*Task requirements*:
Each line from the one that contains "54 Fox Ridge" through the end of the entries should be repeated exactly, with nothing added.

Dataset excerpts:
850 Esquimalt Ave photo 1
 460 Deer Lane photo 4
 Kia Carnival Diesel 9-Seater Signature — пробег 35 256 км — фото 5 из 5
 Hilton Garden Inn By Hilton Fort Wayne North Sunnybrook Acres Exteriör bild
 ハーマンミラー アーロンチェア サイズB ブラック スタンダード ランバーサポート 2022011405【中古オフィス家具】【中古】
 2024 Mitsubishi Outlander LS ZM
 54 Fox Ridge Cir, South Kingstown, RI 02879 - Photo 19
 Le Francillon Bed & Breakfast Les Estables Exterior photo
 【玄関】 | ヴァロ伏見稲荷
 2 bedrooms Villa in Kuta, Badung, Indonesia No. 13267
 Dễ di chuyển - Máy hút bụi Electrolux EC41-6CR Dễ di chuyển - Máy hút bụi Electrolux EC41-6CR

*Solution to this problem*:
 54 Fox Ridge Cir, South Kingstown, RI 02879 - Photo 19
 Le Francillon Bed & Breakfast Les Estables Exterior photo
 【玄関】 | ヴァロ伏見稲荷
 2 bedrooms Villa in Kuta, Badung, Indonesia No. 13267
 Dễ di chuyển - Máy hút bụi Electrolux EC41-6CR Dễ di chuyển - Máy hút bụi Electrolux EC41-6CR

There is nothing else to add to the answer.